*Description of the task*:
Every record needs to come back as written, except for the pictures.

*Dataset records*:
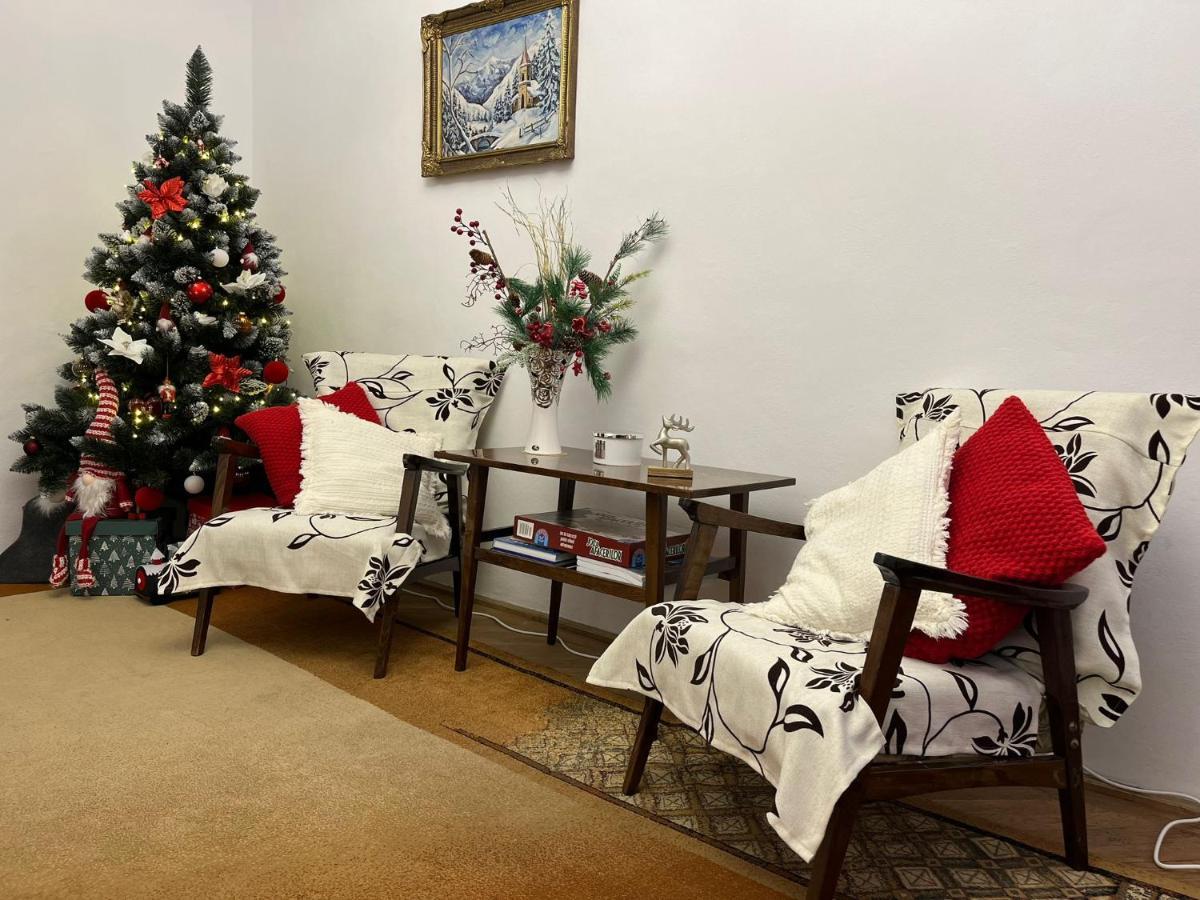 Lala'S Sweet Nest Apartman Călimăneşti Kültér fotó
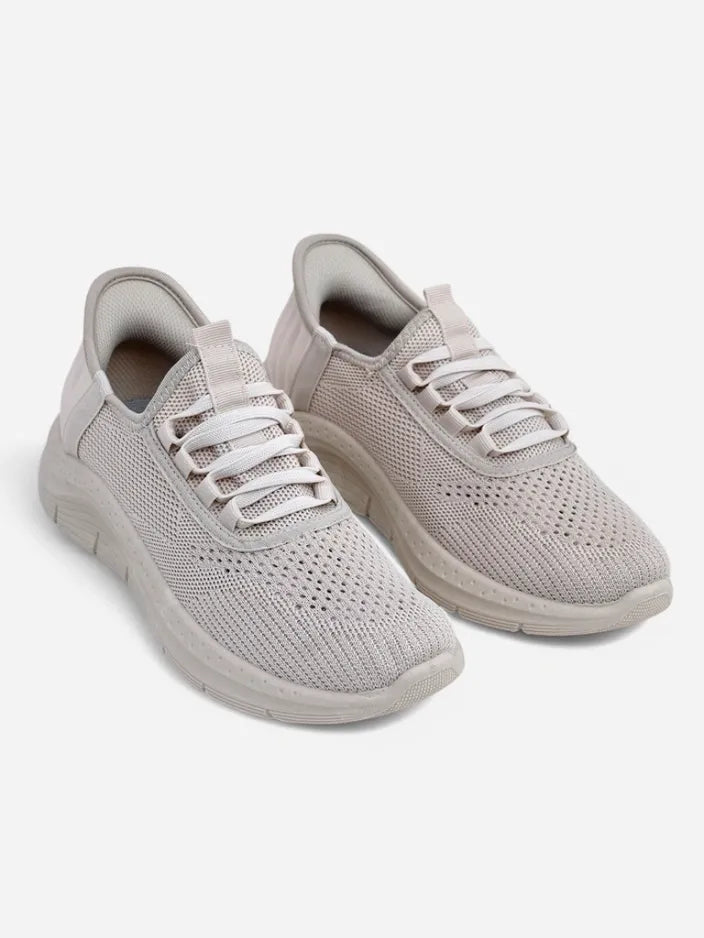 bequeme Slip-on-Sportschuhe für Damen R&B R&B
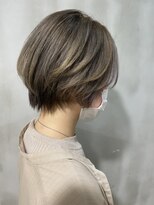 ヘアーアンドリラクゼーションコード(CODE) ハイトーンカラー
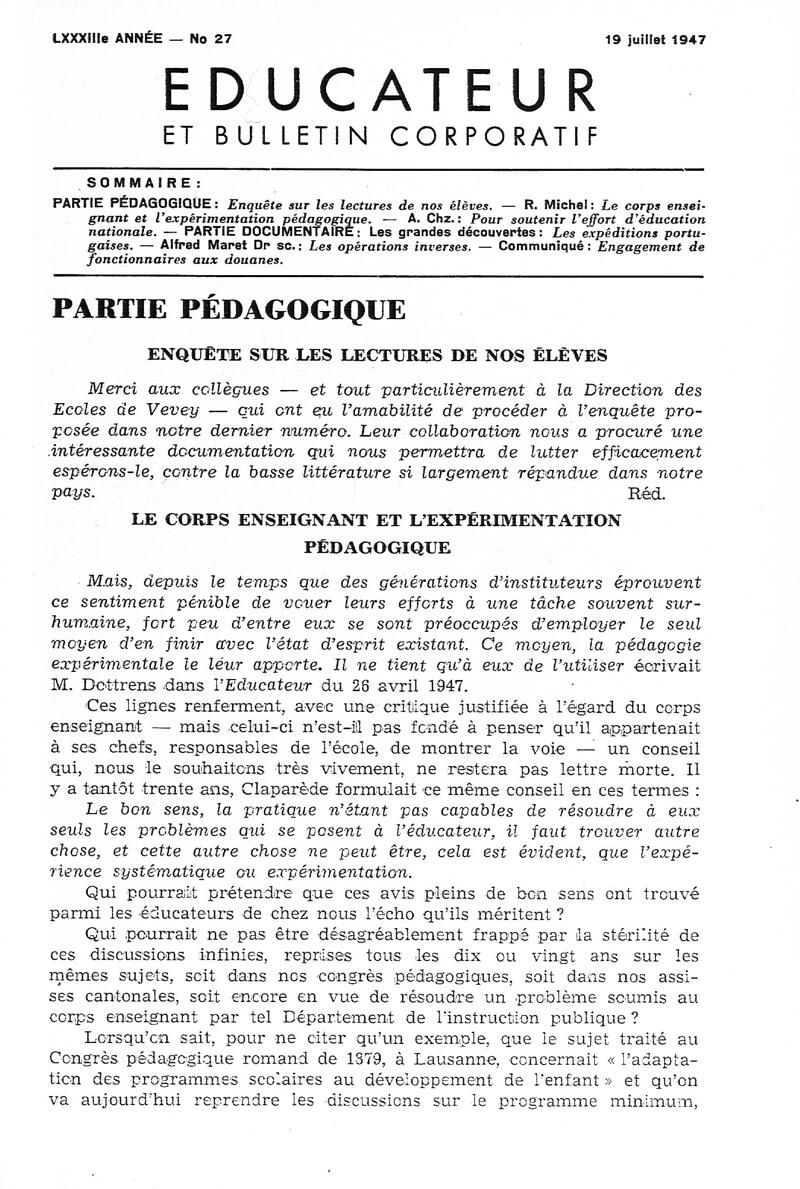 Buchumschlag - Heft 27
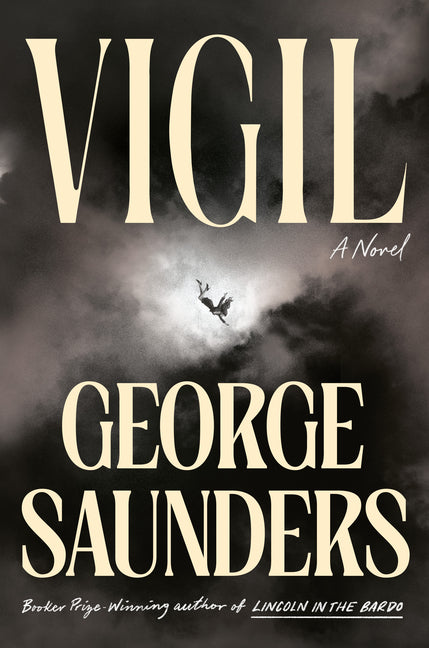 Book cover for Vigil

*Exercise answer*:
 Lala'S Sweet Nest Apartman Călimăneşti Kültér fotó
 bequeme Slip-on-Sportschuhe für Damen R&B R&B
 ヘアーアンドリラクゼーションコード(CODE) ハイトーンカラー
 Buchumschlag - Heft 27
 Book cover for Vigil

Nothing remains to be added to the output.